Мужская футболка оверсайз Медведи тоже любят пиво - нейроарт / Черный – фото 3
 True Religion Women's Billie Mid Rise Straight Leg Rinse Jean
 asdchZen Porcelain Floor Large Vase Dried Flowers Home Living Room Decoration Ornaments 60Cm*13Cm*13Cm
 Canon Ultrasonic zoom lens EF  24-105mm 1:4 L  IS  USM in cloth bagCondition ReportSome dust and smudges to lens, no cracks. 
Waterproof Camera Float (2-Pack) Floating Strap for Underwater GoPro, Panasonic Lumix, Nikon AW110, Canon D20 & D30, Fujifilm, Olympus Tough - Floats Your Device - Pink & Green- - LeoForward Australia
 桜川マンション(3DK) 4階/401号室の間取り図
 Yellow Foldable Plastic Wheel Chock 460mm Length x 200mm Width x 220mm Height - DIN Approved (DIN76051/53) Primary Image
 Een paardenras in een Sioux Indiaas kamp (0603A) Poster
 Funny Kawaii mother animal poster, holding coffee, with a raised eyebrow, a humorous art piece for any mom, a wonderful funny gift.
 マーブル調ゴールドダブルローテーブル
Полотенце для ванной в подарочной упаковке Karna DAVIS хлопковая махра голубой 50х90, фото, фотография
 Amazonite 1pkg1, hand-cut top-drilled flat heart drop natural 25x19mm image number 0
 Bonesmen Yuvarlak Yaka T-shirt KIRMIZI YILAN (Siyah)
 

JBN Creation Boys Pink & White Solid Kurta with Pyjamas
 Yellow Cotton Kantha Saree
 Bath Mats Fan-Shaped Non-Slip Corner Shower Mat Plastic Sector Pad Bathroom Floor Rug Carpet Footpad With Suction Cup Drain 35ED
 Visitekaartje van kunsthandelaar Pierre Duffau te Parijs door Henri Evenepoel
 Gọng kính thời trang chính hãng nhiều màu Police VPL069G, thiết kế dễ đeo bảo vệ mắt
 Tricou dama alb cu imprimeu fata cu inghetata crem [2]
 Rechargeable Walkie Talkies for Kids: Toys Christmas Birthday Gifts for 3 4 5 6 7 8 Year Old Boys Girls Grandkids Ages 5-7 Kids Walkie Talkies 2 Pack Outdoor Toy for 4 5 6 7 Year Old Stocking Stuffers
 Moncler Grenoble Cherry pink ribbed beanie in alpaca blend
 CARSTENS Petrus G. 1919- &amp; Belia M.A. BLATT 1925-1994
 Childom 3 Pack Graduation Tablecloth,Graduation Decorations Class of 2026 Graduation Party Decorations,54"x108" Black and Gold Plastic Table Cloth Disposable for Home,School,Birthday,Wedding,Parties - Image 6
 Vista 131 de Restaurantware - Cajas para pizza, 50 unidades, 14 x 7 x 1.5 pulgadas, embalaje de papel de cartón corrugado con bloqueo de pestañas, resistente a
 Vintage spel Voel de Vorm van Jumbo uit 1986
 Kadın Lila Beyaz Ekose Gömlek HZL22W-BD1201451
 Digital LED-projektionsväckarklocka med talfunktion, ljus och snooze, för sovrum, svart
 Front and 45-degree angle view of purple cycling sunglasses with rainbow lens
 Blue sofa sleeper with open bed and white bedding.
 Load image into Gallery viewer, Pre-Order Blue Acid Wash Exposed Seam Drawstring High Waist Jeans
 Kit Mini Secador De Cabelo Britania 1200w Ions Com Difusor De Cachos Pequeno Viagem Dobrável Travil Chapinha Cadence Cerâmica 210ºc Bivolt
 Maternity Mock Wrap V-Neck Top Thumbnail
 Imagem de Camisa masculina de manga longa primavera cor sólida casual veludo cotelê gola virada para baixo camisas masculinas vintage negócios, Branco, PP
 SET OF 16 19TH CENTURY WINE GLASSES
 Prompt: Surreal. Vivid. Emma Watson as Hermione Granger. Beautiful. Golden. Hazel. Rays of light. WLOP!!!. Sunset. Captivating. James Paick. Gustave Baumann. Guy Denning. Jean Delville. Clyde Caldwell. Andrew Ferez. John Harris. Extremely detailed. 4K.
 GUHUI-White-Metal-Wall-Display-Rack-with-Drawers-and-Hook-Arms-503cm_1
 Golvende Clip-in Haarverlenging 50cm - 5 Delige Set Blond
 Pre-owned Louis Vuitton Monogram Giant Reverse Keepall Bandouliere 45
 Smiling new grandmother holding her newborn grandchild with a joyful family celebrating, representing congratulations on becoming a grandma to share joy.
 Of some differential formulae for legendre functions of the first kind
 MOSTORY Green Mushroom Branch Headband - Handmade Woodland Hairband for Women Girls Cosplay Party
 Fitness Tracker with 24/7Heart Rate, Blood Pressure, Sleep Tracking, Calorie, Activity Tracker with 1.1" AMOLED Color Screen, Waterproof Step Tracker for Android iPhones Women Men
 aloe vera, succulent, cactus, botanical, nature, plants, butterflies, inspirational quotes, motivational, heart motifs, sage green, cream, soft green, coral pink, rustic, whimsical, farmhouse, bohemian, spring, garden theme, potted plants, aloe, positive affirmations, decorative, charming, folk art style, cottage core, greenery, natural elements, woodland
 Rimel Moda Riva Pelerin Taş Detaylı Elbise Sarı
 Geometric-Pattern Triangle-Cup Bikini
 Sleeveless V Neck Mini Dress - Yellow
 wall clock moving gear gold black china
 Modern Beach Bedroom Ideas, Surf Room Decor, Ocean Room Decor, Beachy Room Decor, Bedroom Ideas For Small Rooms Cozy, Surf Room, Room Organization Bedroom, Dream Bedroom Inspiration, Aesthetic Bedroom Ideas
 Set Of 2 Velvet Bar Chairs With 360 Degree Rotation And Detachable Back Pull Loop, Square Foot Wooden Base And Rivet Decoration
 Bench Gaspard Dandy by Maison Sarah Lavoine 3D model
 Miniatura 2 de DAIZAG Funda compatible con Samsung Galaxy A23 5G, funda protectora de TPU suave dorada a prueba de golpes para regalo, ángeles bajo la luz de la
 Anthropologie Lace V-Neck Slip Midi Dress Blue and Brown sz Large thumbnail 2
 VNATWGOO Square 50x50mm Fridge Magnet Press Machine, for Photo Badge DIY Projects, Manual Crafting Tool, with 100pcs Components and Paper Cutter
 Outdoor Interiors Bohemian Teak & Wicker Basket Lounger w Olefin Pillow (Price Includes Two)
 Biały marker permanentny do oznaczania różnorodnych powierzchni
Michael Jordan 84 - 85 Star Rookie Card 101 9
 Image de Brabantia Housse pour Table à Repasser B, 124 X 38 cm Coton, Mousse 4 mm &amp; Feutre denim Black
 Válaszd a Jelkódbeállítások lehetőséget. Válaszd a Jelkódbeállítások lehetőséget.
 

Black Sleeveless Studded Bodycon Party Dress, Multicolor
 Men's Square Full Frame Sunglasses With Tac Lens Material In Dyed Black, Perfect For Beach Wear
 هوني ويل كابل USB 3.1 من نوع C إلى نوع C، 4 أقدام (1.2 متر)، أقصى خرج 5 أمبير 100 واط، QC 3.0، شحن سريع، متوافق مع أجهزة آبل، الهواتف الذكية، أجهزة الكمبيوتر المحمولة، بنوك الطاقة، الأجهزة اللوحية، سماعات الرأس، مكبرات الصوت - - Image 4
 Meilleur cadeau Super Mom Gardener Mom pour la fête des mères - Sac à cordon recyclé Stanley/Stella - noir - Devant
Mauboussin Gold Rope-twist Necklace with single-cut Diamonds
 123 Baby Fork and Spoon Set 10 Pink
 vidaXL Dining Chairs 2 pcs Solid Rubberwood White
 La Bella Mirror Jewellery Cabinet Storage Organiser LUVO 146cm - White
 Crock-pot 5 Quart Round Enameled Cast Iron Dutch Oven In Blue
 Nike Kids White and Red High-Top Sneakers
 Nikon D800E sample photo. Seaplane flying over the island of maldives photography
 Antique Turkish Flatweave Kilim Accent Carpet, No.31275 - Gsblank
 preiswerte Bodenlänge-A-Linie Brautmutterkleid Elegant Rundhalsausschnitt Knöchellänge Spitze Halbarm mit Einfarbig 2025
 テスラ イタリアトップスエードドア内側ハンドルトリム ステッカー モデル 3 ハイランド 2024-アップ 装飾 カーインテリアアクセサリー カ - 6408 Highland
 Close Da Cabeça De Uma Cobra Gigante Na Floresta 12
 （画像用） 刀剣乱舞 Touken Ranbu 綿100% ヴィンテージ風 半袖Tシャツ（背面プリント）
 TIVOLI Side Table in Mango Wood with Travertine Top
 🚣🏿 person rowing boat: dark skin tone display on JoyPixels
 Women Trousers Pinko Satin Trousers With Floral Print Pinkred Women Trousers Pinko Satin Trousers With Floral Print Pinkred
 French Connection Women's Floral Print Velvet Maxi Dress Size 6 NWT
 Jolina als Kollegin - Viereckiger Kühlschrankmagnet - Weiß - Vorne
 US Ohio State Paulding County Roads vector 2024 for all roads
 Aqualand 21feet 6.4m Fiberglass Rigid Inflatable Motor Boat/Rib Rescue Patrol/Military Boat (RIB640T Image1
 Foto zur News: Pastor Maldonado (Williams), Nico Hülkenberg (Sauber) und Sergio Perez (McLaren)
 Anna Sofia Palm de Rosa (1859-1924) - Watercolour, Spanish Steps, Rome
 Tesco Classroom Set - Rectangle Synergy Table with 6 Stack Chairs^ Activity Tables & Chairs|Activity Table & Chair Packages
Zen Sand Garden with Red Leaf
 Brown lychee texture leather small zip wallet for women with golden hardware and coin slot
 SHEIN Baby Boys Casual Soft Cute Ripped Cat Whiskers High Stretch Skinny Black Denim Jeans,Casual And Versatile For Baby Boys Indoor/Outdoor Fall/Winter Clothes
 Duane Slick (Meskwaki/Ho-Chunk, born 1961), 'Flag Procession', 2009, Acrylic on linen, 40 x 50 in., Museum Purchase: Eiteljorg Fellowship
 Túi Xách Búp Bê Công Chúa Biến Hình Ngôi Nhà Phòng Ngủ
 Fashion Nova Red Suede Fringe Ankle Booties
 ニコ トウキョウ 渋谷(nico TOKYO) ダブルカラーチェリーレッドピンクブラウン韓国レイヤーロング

● ● ● ● ● ● ●

### What the exercise asks
From the records above, copy out the line with "Fitness Tracker with", the line with "wall clock moving gear gold black china", and every line between them, word for word.

### Solution to the problem
 Fitness Tracker with 24/7Heart Rate, Blood Pressure, Sleep Tracking, Calorie, Activity Tracker with 1.1" AMOLED Color Screen, Waterproof Step Tracker for Android iPhones Women Men
 aloe vera, succulent, cactus, botanical, nature, plants, butterflies, inspirational quotes, motivational, heart motifs, sage green, cream, soft green, coral pink, rustic, whimsical, farmhouse, bohemian, spring, garden theme, potted plants, aloe, positive affirmations, decorative, charming, folk art style, cottage core, greenery, natural elements, woodland
 Rimel Moda Riva Pelerin Taş Detaylı Elbise Sarı
 Geometric-Pattern Triangle-Cup Bikini
 Sleeveless V Neck Mini Dress - Yellow
 wall clock moving gear gold black china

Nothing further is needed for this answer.